BOISE, Idaho — Editor's note: This content is sponsored by Idaho CapEd Credit Union.
Mr. Rogers said "Play is often talked about as if it were a relief from serious learning. But for children play is serious learning. Play is really the work of childhood."
This week's Innovative Educator is putting that philosophy to work in her classrooms.
Theresa McSweeney is a math interventionist at Taft and Morley Nelson elementary schools in the Boise School District.
"I love watching those light bulb moments happen for kids," McSweeney said.
McSweeney found a way to flip the light switch for her kindergarten through sixth grade students by using toys, including toy bugs.
"So using these bugs as a way to talk about the name of the bug, symmetrical concepts, counting concepts, ideas that these are insects not just bugs, using different language once we get to spiders and using arachnids and all of those type of words," McSweeney said.
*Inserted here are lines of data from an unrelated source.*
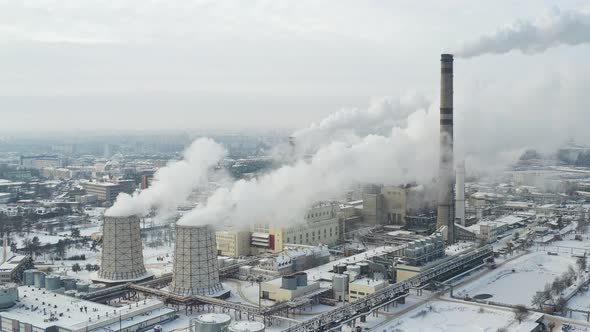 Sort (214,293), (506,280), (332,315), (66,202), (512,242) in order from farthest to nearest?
→ (66,202) < (512,242) < (506,280) < (214,293) < (332,315)

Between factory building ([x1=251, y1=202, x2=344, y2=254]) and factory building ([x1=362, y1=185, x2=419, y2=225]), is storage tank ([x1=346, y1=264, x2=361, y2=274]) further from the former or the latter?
factory building ([x1=362, y1=185, x2=419, y2=225])

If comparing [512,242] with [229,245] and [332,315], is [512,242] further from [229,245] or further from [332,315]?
[332,315]

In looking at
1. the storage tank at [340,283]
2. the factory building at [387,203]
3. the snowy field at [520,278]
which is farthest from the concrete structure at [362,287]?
the factory building at [387,203]

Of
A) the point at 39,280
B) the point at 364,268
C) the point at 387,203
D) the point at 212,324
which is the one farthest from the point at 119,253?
the point at 387,203

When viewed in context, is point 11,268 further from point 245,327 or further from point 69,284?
point 245,327

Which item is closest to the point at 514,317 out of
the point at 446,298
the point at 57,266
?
the point at 446,298

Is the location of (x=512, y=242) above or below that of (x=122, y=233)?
below

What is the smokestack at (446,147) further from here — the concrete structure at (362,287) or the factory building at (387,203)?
the concrete structure at (362,287)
She also has a diverse cast of toy people. McSweeney says in the Taft Elementary After School Tutoring Club, Boise High School students work with the younger kids.
"They have an opportunity to kind of decompress from their day, play with the toys and be able to have that continued conversation with another adult or another older peer who knows some more academic language and then build their knowledge," McSweeney said.
The concept is called "purposeful play."
"This is their job. This is what the children do," McSweeney said. "They come to school to learn, and so in that way they're getting that experience of being able to use the toys to learn the language."
Besides building their vocabulary and math skills, McSweeney says play supports social skills and creates connections.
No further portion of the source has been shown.